Theodore Judd Serios (November 27, 1918 – December 30, 2006) was a Chicago bellhop known for his production of "thoughtographs" on Polaroid film. He claimed these were produced using psychic powers. Serios's psychic claims were bolstered by the endorsement of a Denver-based psychiatrist, Jule Eisenbud (1908–1999), who published a book named The World of Ted Serios: "Thoughtographic" Studies of an Extraordinary Mind (1967) arguing that Serios's purported psychic abilities were genuine. However, professional photographers and skeptics have argued that Serios and his photographs were fraudulent.

History and method 

Serios was an unemployed bellhop when his claims that he had the ability to put images on film with his mind came to the attention of Jule Eisenbud.

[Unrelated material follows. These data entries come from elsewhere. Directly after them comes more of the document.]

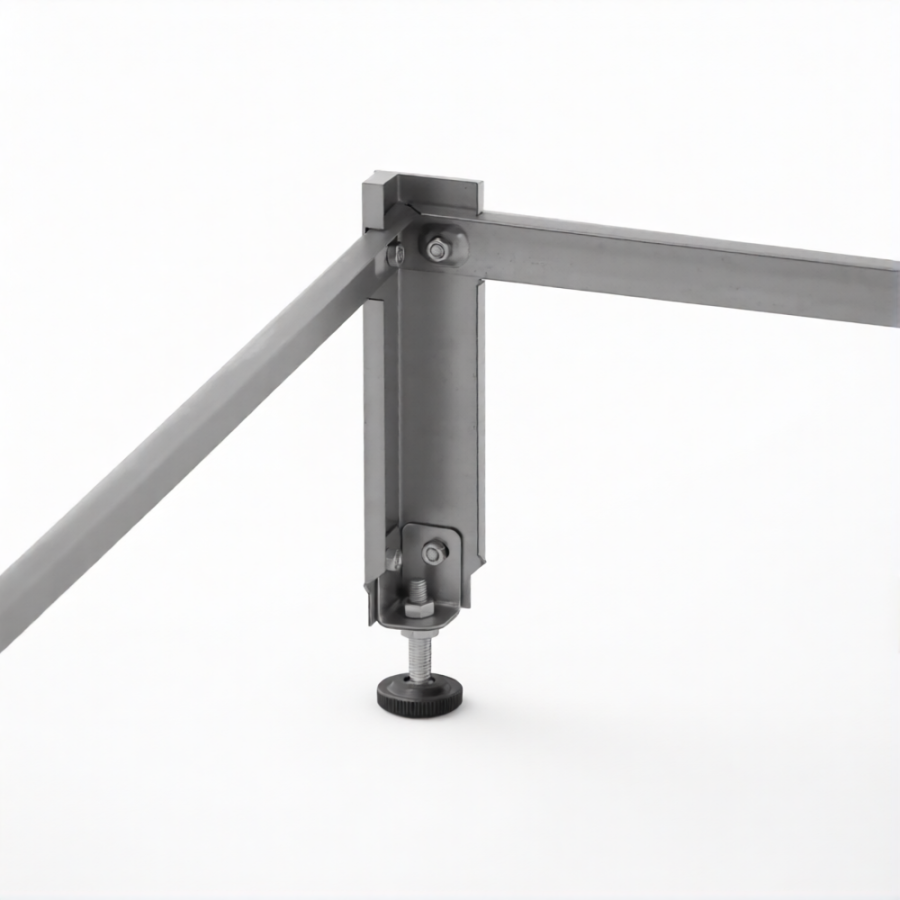 Ванна моечная ВМСн 530/2  2 м/о 430х430х300 (полка с 2-мя отв., борт; ножка угл.)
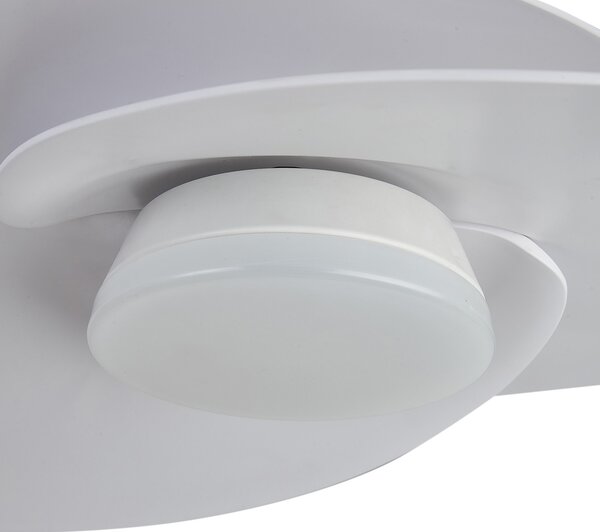 Mantra 9466 Nenufar, designový ventilátor se svítidlem a dálk.ovladačem, LED 18W 3000-5000K, bílá, průměr 74cm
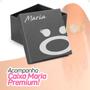 Imagem de relogio feminino aço prova dagua + caixa + colar brinco moda ajustavel qualidade premium original silicone coração preto social zirconia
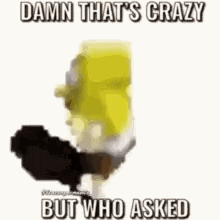 Shrek Holding Gun Saying Damn That's Crazy But Who Asked GIF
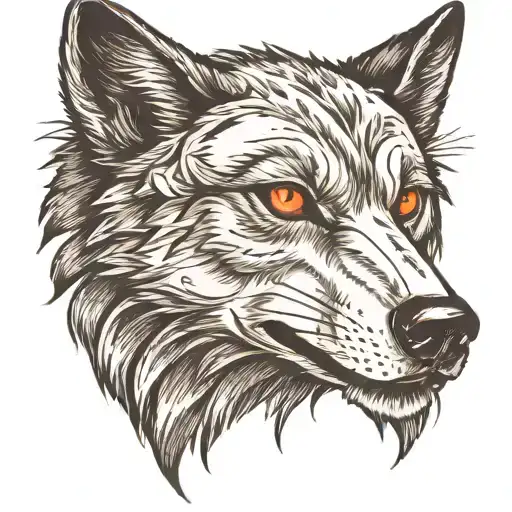 Wolf Face One Eye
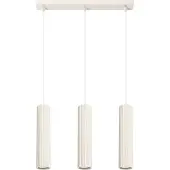 Sollux Pendelleuchte KARBON 3L beige 3xGU10 10W Aluminium 98x6.5x45cm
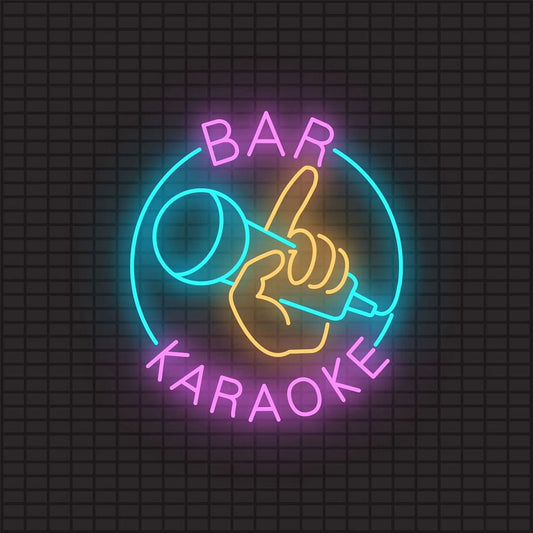 Karaoke Bar Neon Sign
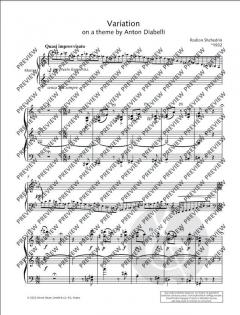 Variation  von Rodion Konstantinowitsch Schtschedrin 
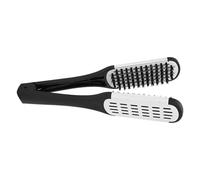 Generic Peine con Abrazadera en Forma de V Elegante para Alisar el Cabello para Alisar y Prevenir Enredos, Herramienta Diaria para el Cuidado del Cabello para Uso Familiar, Material ABS, Negro+blanco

He was tested by Eisenbud at Denver during a period of three years. Serios usually held a small cylinder or tube he called a "gizmo" up to the lens of an instant camera, which was then pointed at his forehead and the shutter released. He would often be drunk, or at least have been drinking, when he produced his photographs.

Serios's images were most often blank or black. Occasionally, a fuzzy image would be seen that could be interpreted in many different ways (cf. pareidolia), but on rare occasions a relatively clear and identifiable image showed up although often appearing surrounded by dark areas on the film. On some occasions, his photos appeared to be distorted, or altered versions of real places or images, e.g., one such photo seemed to be of Eisenbud's ranch showing the barn as a different structure to the reality. Another photograph depicted part of a building identified later as a hangar belonging to the Air Division of the Royal Canadian Mounted Police. Eisenbud attempted to prove that previously unidentified photographs were actually of the surface of Ganymede. In Eisenbud's own words, "Unfortunately, I couldn't get an astronomer or optical scientist to agree."

Psychology 

According to Eisenbud, "Ted Serios exhibits a behavior pathology with many character disorders. He does not abide by the laws and customs of our society. He ignores social amenities and has been arrested many times. His psychopathic and sociopathic personality manifests itself in many other ways. He does not exhibit self-control and will blubber, wail and bang his head on the floor when things are not going his way." Serios was described as an alcoholic.

Critical reception 

In an article in the October 1967 issue of the magazine Popular Photography, Charlie Reynolds and David Eisendrath, both amateur magicians and professional photographers, claimed to have exposed Serios as a fraud after spending a week-end with him and Eisenbud. Reynolds and Eisendrath said they spotted Serios slipping something into the tube that Serios claimed he needed to help him concentrate. They surmised this was a picture of something that the camera would take an image of, but which Serios would claim came from his mind rather than his hand. Robert Todd Carroll later wrote "after the exposure he remained virtually unheard from for the past 30 years."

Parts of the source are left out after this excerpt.